The culmination of my scenic journey in New Zealand was the day trip I took from Queenstown to Milford Sound, one of the most famous fjords in Fiordland National Park because it is one of the most accessible. From Queenstown to Milford Sound as the crow flies is rather a small distance, but since there happen to be a lot of mountains in the way, heading to Milford Sound via Te Anau takes the entire morning on a bus or in a car (around 5 or 6 hours with photo breaks). That of course was peanuts considering some of the bus journeys I’d already been on this trip, so it didn’t really phase me!

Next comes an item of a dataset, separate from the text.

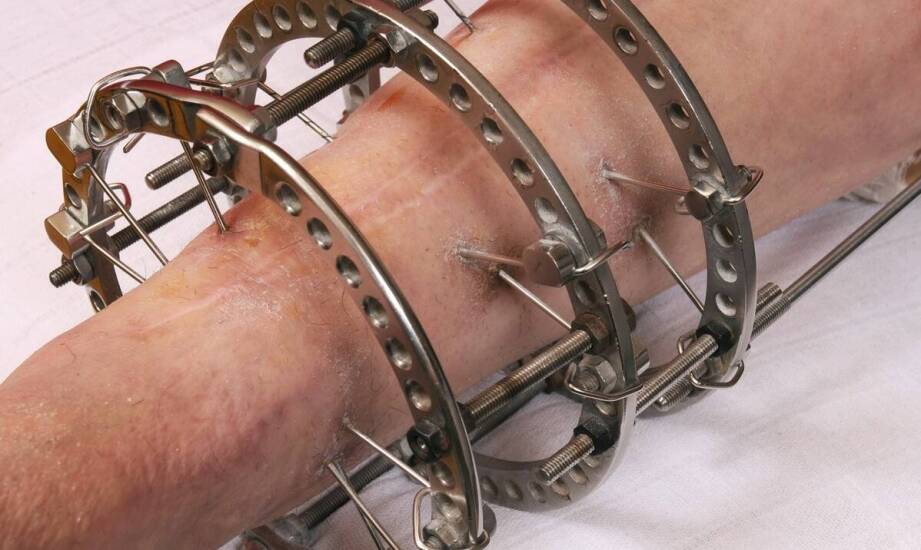 Protezowanie oczodołu – etapy, zastosowania i efekty leczenia okulistycznego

We were heading out of the Queenstown area by 7:30. It was still dark, so we didn’t get to see much for the next couple of hours. The scenery on the way to Te Anau is pretty, but nothing compared to the later part of the trip once we made it into the mountains. However, we could see lots of the dramatic low cloud cover that gave New Zealand its Maori name (Land of the Long White Cloud), thanks to the specially designed buses that have huge windows. (Unfortunately there is some reflection since these pictures were taken on the moving bus.)
After Te Anau, we headed into the mountains, taking several stops for pictures along the way. Our first stop was on a plain with dramatic mountains in the background.

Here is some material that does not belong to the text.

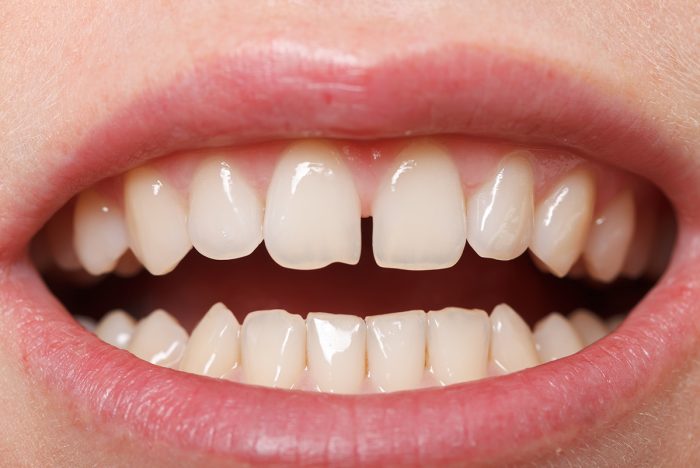Cost of Veneers for Teeth Gaps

We stopped at the Mirror Lakes, which were less dramatic than our next scenic stop where we got a better view of misty mountains reflected in the water.
We had several other photo ops as well. I’ll let the pictures speak for themselves:
We saw some kea (alpine parrots) at one of the stops where we were able to fill up our water bottles with glacial stream water if we so chose. Kea are really intelligent and curious birds who have a destructive fascination with rubber, and they are quite good at pulling out the rubber around doors in cars (as we saw to a mini-van driver’s dismay).
Eventually we went through a tunnel (at a really steep grade) and emerged to even more dramatic views.
And finally to Milford Sound itself, where we enjoyed a two hour cruise. We saw bottle-nose dolphins who played in the wake of the boat, waterfalls and multiple rainbows (the skipper even got those of us on the outer decks wet with waterfall spray, we got so close!), and seals. It was spectacular.
The trip home was beautiful but relatively anti-climactic – no photo stops, and a bus full of tired travelers.